== What you have to do ==
Output only the lines of the entries that follow, starting at the one with "Medium property photo" and running down to the one with "Do you have", both included and unchanged.

== Provided information ==
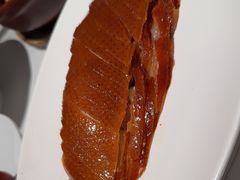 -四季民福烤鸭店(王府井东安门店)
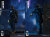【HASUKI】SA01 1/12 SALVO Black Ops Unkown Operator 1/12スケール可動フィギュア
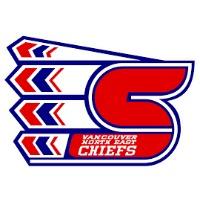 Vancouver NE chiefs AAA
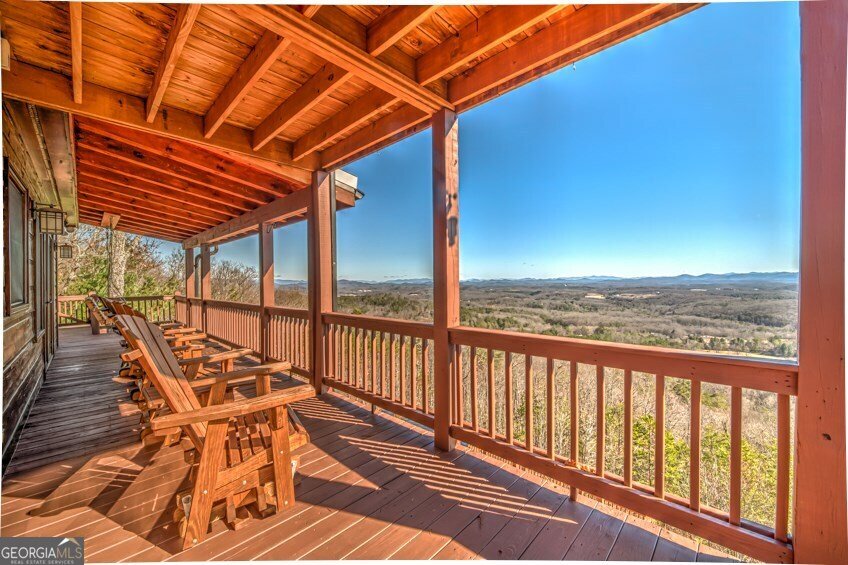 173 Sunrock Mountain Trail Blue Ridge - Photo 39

...

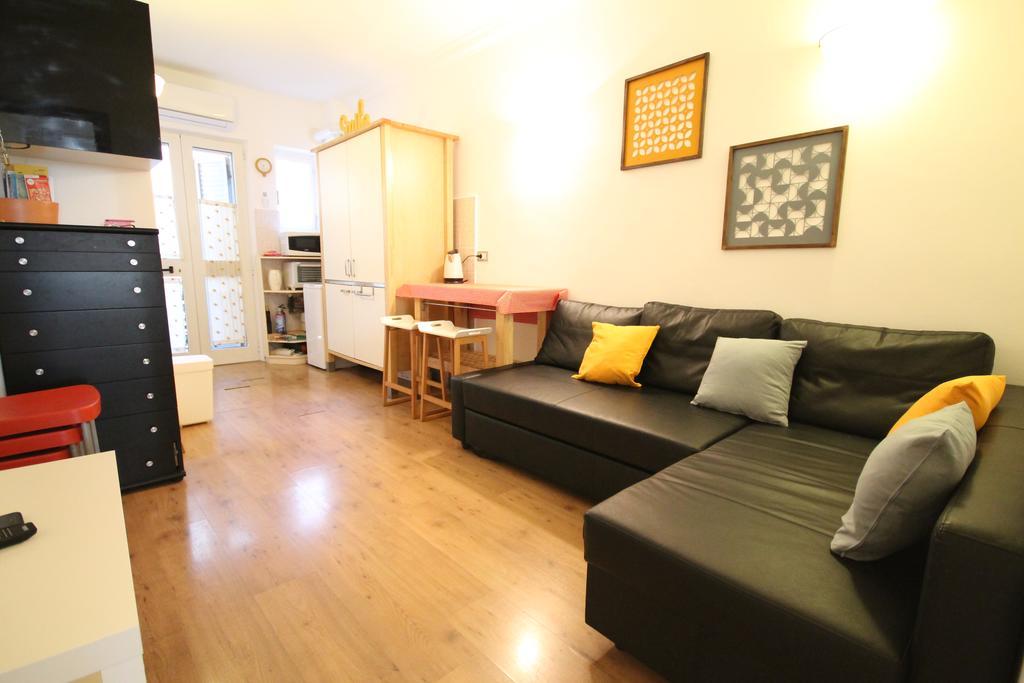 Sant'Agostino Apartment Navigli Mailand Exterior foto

--

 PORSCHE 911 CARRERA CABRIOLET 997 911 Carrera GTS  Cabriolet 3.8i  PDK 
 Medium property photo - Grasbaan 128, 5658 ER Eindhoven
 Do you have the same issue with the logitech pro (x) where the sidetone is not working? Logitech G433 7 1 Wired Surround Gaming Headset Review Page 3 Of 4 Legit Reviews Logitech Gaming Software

== Response to the task ==
 Medium property photo - Grasbaan 128, 5658 ER Eindhoven
 Do you have the same issue with the logitech pro (x) where the sidetone is not working? Logitech G433 7 1 Wired Surround Gaming Headset Review Page 3 Of 4 Legit Reviews Logitech Gaming Software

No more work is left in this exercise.